MLA for Rankin Inlet South/Whale Cove
- In office October 27, 2008 – October 28, 2013
- Preceded by: Levinia Brown
- Succeeded by: riding dissolved

MLA for Rankin Inlet South
- In office October 30, 2017 – September 22, 2025
- Preceded by: Alexander Sammurtok
- Succeeded by: Annie Tattuinee

Personal details
- Born: 1959 or 1960 (age 65–66) Rankin Inlet, Northwest Territories
- Party: non-partisan consensus government

= Lorne Kusugak =

Canadian politician

Lorne Kusugak is a Canadian politician who served as the member of the Legislative Assembly of Nunavut for the electoral district of Rankin Inlet South. Prior to becoming an MLA, Kusugak was the mayor of Rankin Inlet. Kusugak served as the Nunavut Minister for Community and Government Services, Minister for Energy and the Minister responsible for the Qulliq Energy Corporation.

Kusugak was first elected in the 2008 election, in the district of Rankin Inlet South/Whale Cove. In the 2013 election, Kusugak and challenger Alexander Sammurtok finished in an exact tie in the redistributed riding of Rankin Inlet South, forcing a by-election. Sammurtok won the by-election.
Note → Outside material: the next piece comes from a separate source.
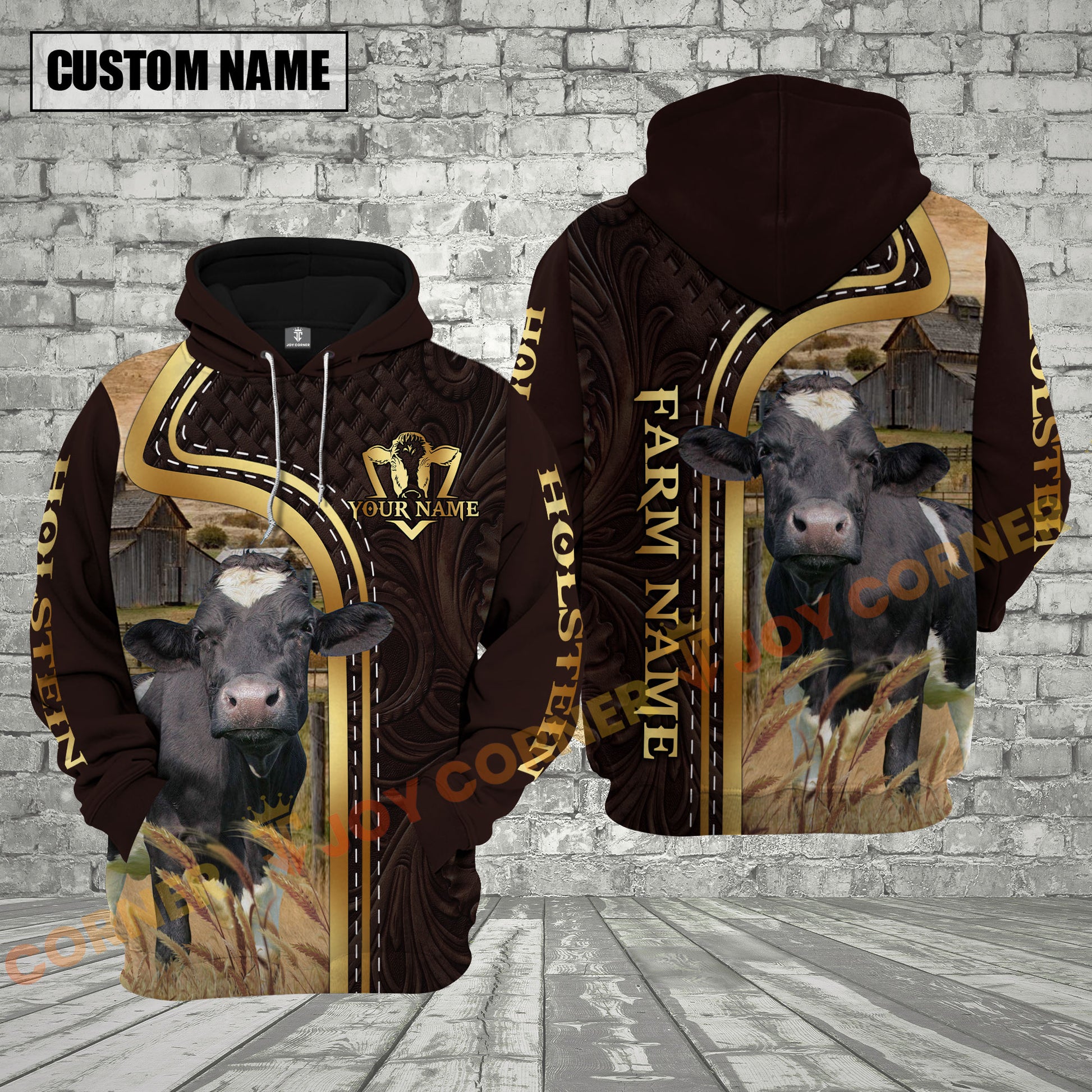 Brown hoodie with cow design and customizable text on a stone wall background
In the 2017 election, Kusugak defeated Sammurtok to reclaim the seat.

== Biography ==
Kusugak was born in Rankin Inlet (then located in the Northwest Territories), one of the 11 children of a father who was a heavy equipment operator, and a mother who was a homemaker and a seamstress. In the mid-1970s, Kusugak attended high school in Yellowknife, Northwest Territories, and later returned to Rankin Inlet to assist his mother. Kusugak's first job was with the Canadian Broadcasting Corporation (CBC), which employed him as the first CBC reporter in his home town. For the next 15 years, Kusugak worked as a CBC broadcaster in several positions, both at home in Rankin Inlet and in Iqaluit. While working in these positions, he was one of the founders of the Inuit Broadcasting Corporation, a television broadcaster featuring programs almost entirely broadcast in Inuktitut.
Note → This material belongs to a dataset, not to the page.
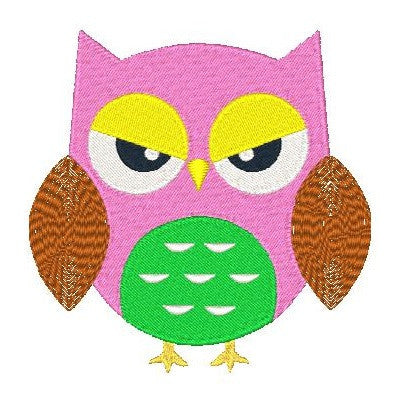 Cute owl machine embroidery design by embroiderytree.com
Kusugak has served as Chief Executive Officer of the Nunavut Implementation Training Committee and the Executive Director of the Kivalliq Inuit Association. He served three consecutive terms as the Mayor of Rankin Inlet for six years before being elected as a Member of the Legislative Assembly of Nunavut for the electoral district of Rankin Inlet South/Whale Cove in the 2008 territorial election. Kusugak defeated the incumbent Member and Deputy Premier of Nunavut, Levinia Brown, with 62% of the vote. Over the course of his first term, he served as Government House Leader, Minister of Community and Government Services and Minister responsible for the Workers’ Safety and Compensation Commission.
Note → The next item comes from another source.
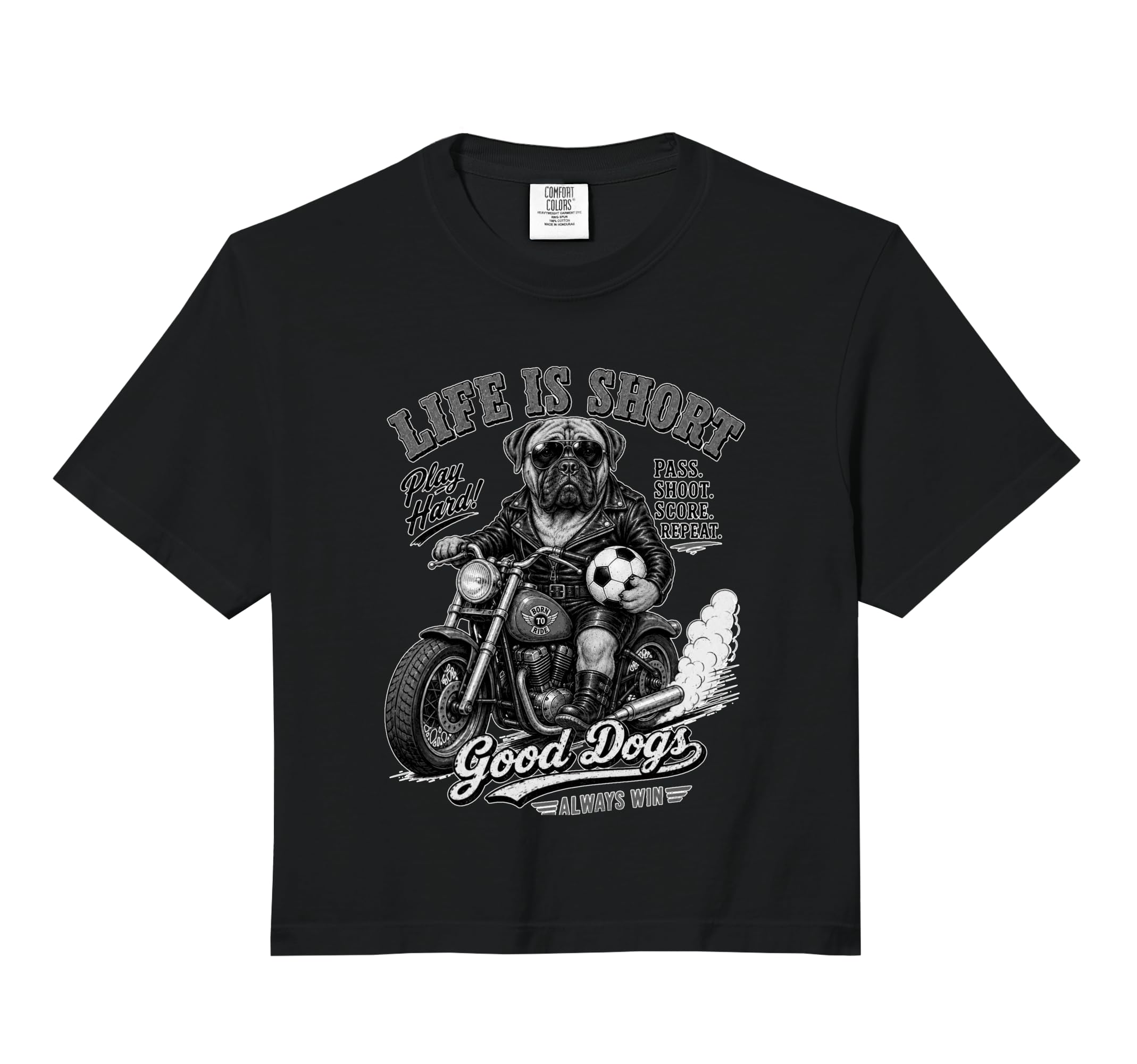 Mastiff Motorbike Love Footbal T-Shirt - Fun Novelty Design for Adults - T-Shirt, Sweatshirt, Hoodie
Kusugak was re-elected on October 30, 2017, to represent the constituency of Rankin Inlet South in the 5th Legislative Assembly. Over the course of this term, he served as Minister of Community and Government Services, Minister of Human Resources, Minister Responsible for Suicide Prevention, and Minister Responsible for Seniors. In November 2020, Premier Joe Savikataaq appointed Kusugak as Minister of Health, assigning him responsibility for leading the Nunavut response to the COVID-19 pandemic.

== Personal life ==
Kusugak is married to his wife Sally and has three daughters; Kandace, Nuatii and Terrie.